[What is required] Read through the entries below and return each line with the word "machine".
▼
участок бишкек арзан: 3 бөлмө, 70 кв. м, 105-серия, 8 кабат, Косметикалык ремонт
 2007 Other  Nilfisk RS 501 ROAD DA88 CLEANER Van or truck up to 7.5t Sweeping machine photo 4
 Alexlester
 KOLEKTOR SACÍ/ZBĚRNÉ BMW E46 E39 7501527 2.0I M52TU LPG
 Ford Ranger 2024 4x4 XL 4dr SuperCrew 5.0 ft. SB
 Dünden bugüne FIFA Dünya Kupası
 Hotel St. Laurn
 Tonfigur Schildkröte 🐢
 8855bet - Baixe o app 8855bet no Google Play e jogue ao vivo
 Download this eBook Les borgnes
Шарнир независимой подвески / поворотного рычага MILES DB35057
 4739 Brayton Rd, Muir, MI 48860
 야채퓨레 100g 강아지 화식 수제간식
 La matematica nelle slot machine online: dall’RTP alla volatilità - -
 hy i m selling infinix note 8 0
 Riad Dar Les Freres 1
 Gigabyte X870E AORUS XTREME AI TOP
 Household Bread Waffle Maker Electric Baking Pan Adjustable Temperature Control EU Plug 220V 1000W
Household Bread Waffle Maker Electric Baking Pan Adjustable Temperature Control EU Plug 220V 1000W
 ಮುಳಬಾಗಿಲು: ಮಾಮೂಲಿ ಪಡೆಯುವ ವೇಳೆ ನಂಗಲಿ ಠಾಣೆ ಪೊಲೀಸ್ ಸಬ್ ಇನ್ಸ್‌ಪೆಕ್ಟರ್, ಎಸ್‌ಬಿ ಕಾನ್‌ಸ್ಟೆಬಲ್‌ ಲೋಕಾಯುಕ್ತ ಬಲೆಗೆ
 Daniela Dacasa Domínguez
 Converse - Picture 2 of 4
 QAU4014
▲
[Exercise solution]
 2007 Other  Nilfisk RS 501 ROAD DA88 CLEANER Van or truck up to 7.5t Sweeping machine photo 4
 La matematica nelle slot machine online: dall’RTP alla volatilità - -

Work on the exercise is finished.